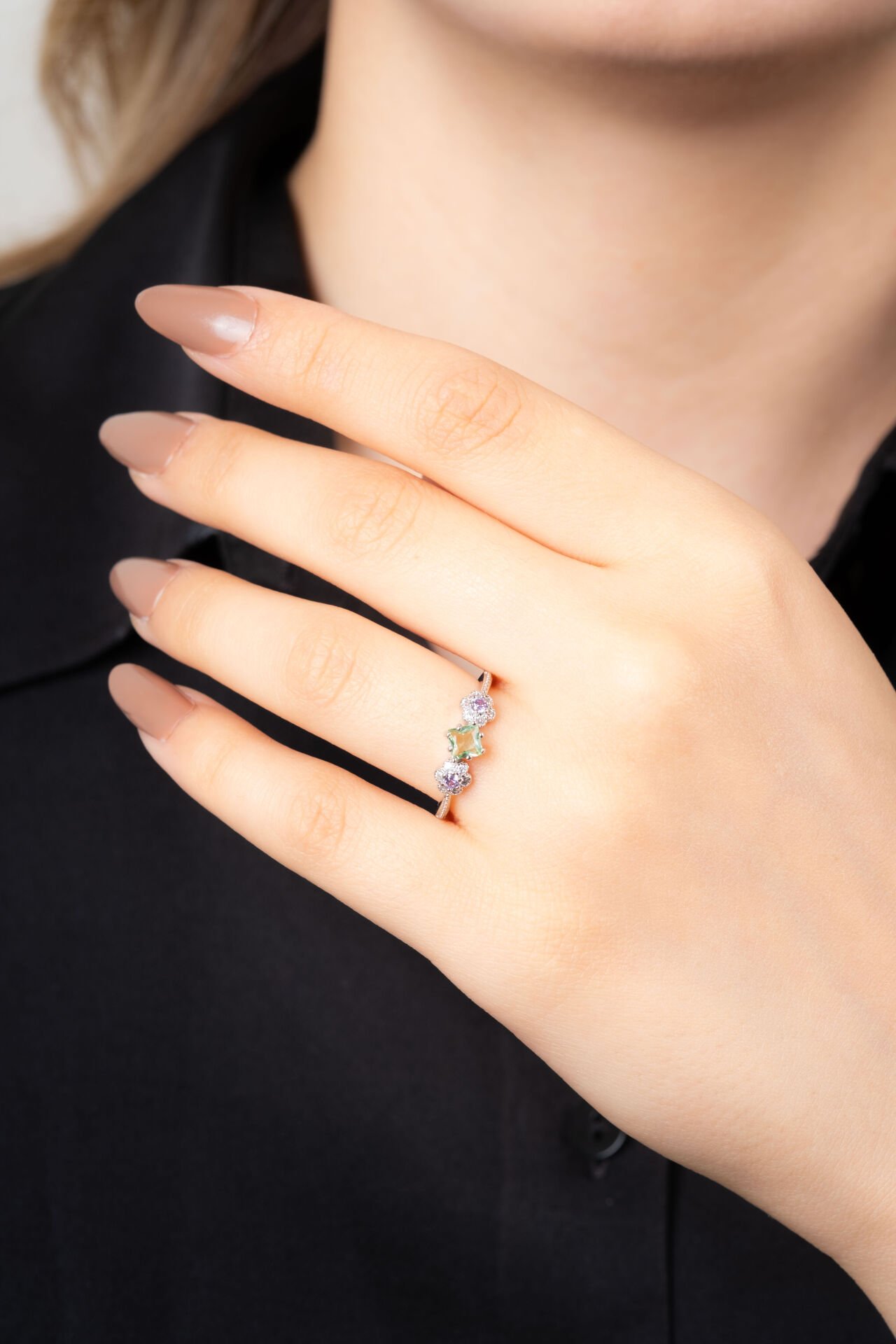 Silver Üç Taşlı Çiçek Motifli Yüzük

* * *

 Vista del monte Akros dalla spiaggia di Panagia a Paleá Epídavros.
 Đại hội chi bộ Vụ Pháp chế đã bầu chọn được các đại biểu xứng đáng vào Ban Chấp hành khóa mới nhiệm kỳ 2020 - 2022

Your goal:
Using the records above, restate word for word the lines from the one with "Vista del monte" through the one with "Đại hội chi", both included.

Written response:
 Vista del monte Akros dalla spiaggia di Panagia a Paleá Epídavros.
 Đại hội chi bộ Vụ Pháp chế đã bầu chọn được các đại biểu xứng đáng vào Ban Chấp hành khóa mới nhiệm kỳ 2020 - 2022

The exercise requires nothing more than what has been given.